To do: Make an exact copy of the records, and keep the pictures out of it.

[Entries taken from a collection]

========================

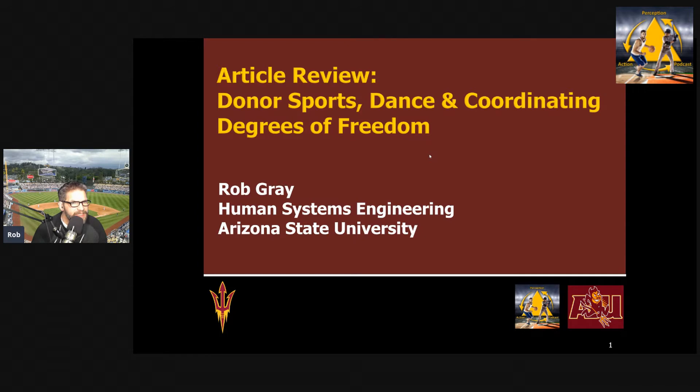Hi everyone. This is Rob Gray from ASU and the Perception Action Podcast, back with another article review. In doing these reviews, what I like to do is put it in a framework and introduce it with something that connects with something I'm interested in, and hopefully by proxy, something you listeners are as well. I often frame these things in a different way than you would see in the introductions to these papers, because I'm trying to connect them with things I'm interested in or extend them beyond the specifics of the paper.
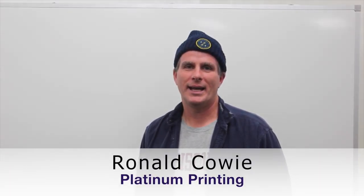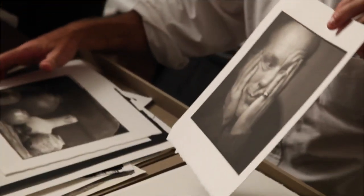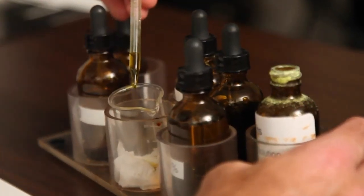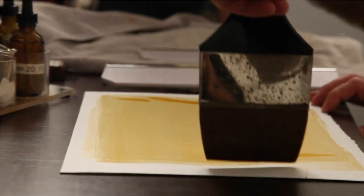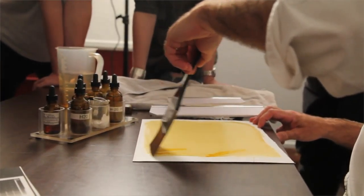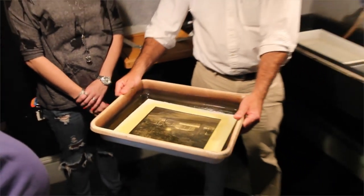Hi, this is Ron Cowie and I'll be teaching a platinum printing workshop. We're gonna be doing a basic digital negative printing platinum. If you have negatives, bring them. Mostly what we'll be doing is coating paper and making prints, and you're gonna learn how the different variations of platinum printing occur, and you'll walk away with a print too.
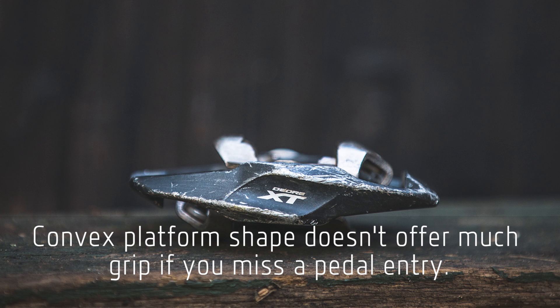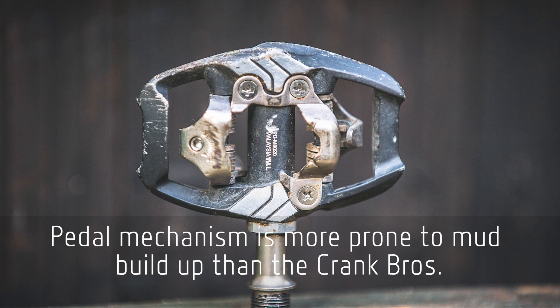On the flipside, the lowlights for the Shimano are that the profile of the pedal is convex — they don't actually offer a great platform for when you're not clipped in. So if you miss an entry, especially if it's muddy or wet, you don't have the same stable platform to stand on that you get with the Crank Brothers. The mechanism also isn't as resistant to mud build-up; if you're riding in gloomy conditions, there are far more places for mud to collect and gum the pedal up.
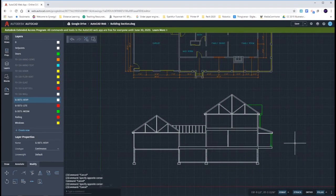All right, that completes our heavy lines of our building section. Now we just have text and annotation to do.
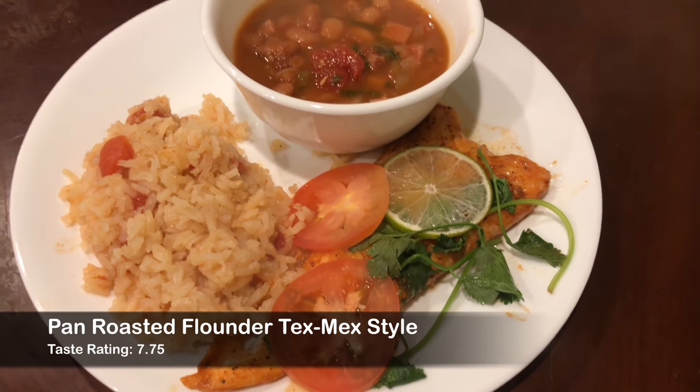One thing I wish I'd put a little more of was the cumin — it doesn't have enough, so if it had a tad bit more cumin flavor it would have been on point. But I definitely give it a thumbs up. It's a good dinner, for the most part it's healthy, and all of it is homemade. I wish we could catch a bigger flounder so it's a tad bit thicker and you get that nice moist texture. We'll probably cook this again. On the taste rating, I'd give it a seven and three quarters — definitely a good tasting meal.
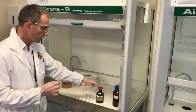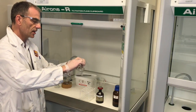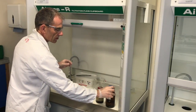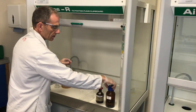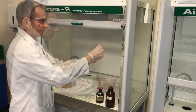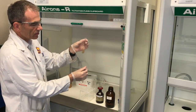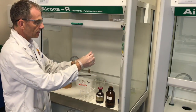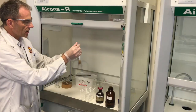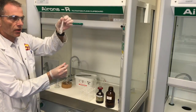The first thing you need is 5 cubic centimetres of 0.1 M silver nitrate solution. I've already measured that out, so that goes into your test tube. We're then going to add some concentrated ammonia solution, just a drop at a time. After the first drop you get this brown precipitate, so keep adding the concentrated ammonia until that brown precipitate goes. It's really important not to add too much.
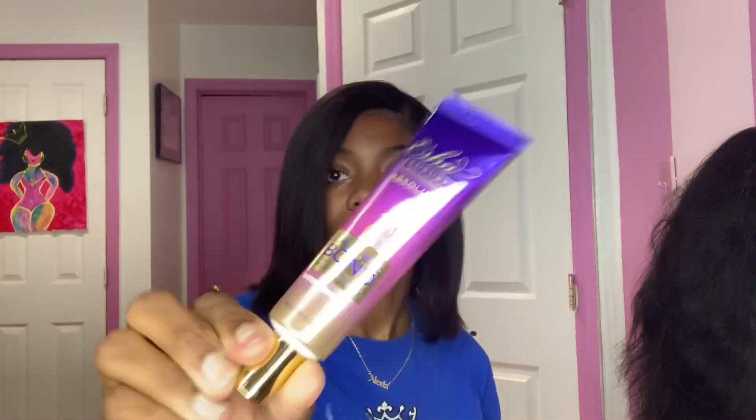Most people mainly know about Ghost Bond and similar lace glues. This one didn't just come out, but some people are just starting to use it, and a lot of people have different experiences with this glue — that's why I wanted to do a review on it.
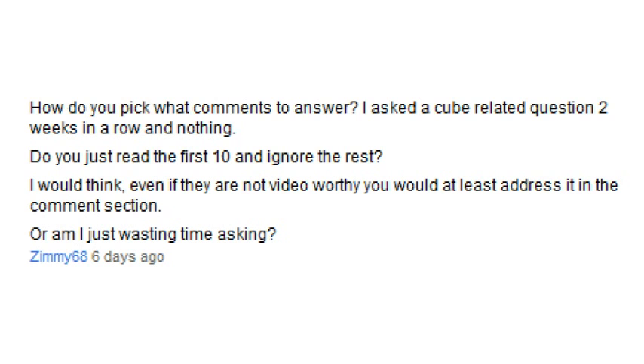How do you pick which comments to answer? I asked a cube-related question two weeks in a row and nothing. It's very difficult to keep things fair. I initially read through the long list of comments and picked the ones I'd want, but that was taking too much time. Now I just go through once and grab every comment that catches my attention, trying to pick what would be most interesting for everyone. For common questions like what lubricant to get, please send me a private message and I will get back to you.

========================

Written solution:
Hi everyone. This is Rob Gray from ASU and the Perception Action Podcast, back with another article review. In doing these reviews, what I like to do is put it in a framework and introduce it with something that connects with something I'm interested in, and hopefully by proxy, something you listeners are as well. I often frame these things in a different way than you would see in the introductions to these papers, because I'm trying to connect them with things I'm interested in or extend them beyond the specifics of the paper.
Hi, this is Ron Cowie and I'll be teaching a platinum printing workshop. We're gonna be doing a basic digital negative printing platinum. If you have negatives, bring them. Mostly what we'll be doing is coating paper and making prints, and you're gonna learn how the different variations of platinum printing occur, and you'll walk away with a print too.
On the flipside, the lowlights for the Shimano are that the profile of the pedal is convex — they don't actually offer a great platform for when you're not clipped in. So if you miss an entry, especially if it's muddy or wet, you don't have the same stable platform to stand on that you get with the Crank Brothers. The mechanism also isn't as resistant to mud build-up; if you're riding in gloomy conditions, there are far more places for mud to collect and gum the pedal up.
All right, that completes our heavy lines of our building section. Now we just have text and annotation to do.
One thing I wish I'd put a little more of was the cumin — it doesn't have enough, so if it had a tad bit more cumin flavor it would have been on point. But I definitely give it a thumbs up. It's a good dinner, for the most part it's healthy, and all of it is homemade. I wish we could catch a bigger flounder so it's a tad bit thicker and you get that nice moist texture. We'll probably cook this again. On the taste rating, I'd give it a seven and three quarters — definitely a good tasting meal.
The first thing you need is 5 cubic centimetres of 0.1 M silver nitrate solution. I've already measured that out, so that goes into your test tube. We're then going to add some concentrated ammonia solution, just a drop at a time. After the first drop you get this brown precipitate, so keep adding the concentrated ammonia until that brown precipitate goes. It's really important not to add too much.
Most people mainly know about Ghost Bond and similar lace glues. This one didn't just come out, but some people are just starting to use it, and a lot of people have different experiences with this glue — that's why I wanted to do a review on it.
How do you pick which comments to answer? I asked a cube-related question two weeks in a row and nothing. It's very difficult to keep things fair. I initially read through the long list of comments and picked the ones I'd want, but that was taking too much time. Now I just go through once and grab every comment that catches my attention, trying to pick what would be most interesting for everyone. For common questions like what lubricant to get, please send me a private message and I will get back to you.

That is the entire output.